WHAT NEEDS TO BE DONE :: Output only the stretch of the listing that starts at the line containing "JOB LOT OF 8" and ends at the line containing "Maison à USCLAS-DU-BOSC", reproduced exactly with both ends.

THE DATA ::
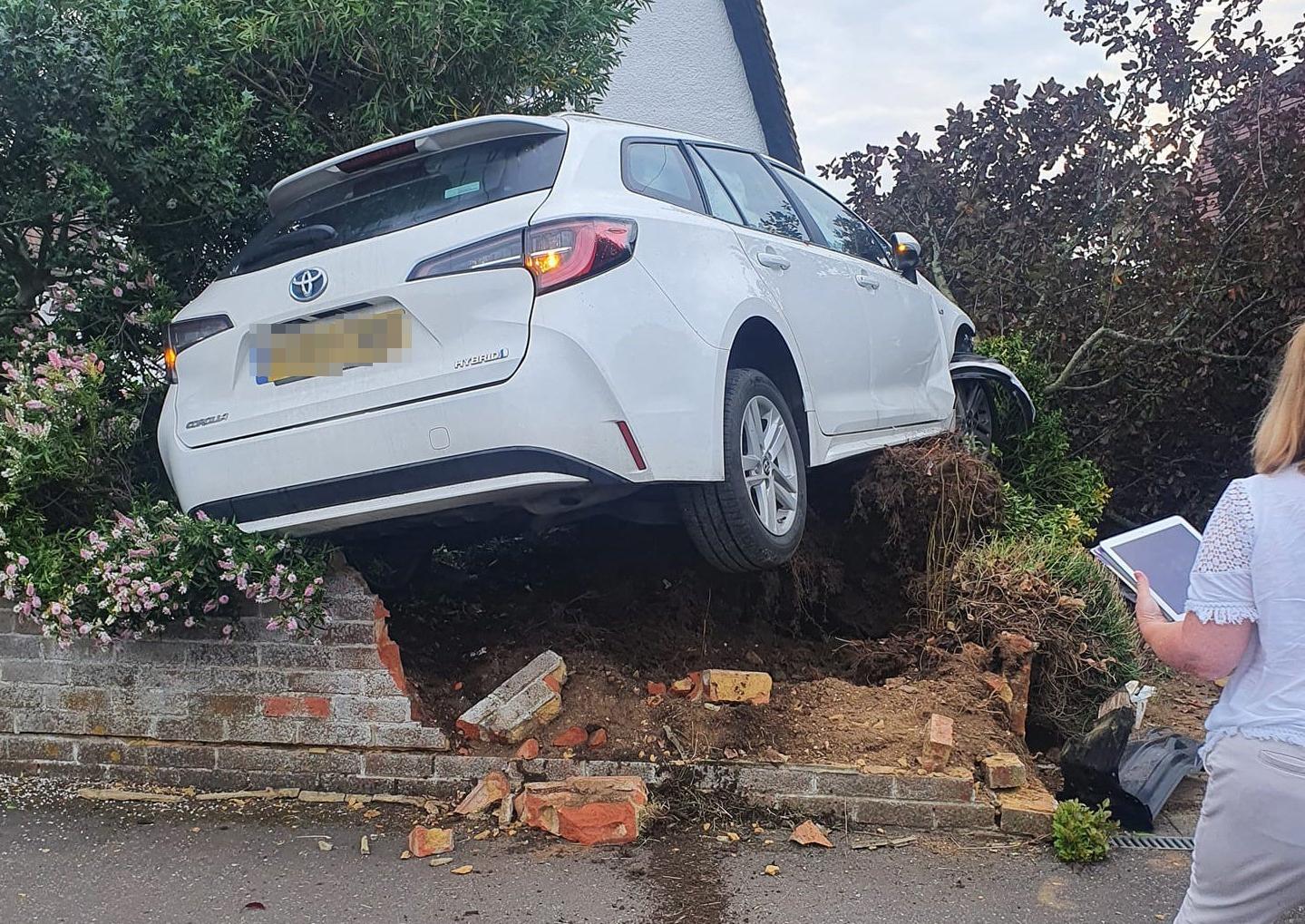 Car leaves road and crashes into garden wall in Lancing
--
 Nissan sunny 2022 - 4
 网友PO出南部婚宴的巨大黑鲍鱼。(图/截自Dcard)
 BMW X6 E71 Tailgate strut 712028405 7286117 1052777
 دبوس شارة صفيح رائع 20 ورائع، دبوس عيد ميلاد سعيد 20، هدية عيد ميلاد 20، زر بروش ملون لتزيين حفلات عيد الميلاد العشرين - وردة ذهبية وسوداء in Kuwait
--
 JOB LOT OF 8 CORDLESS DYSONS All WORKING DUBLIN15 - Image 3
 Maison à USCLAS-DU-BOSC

FINISHED EXERCISE ::
 JOB LOT OF 8 CORDLESS DYSONS All WORKING DUBLIN15 - Image 3
 Maison à USCLAS-DU-BOSC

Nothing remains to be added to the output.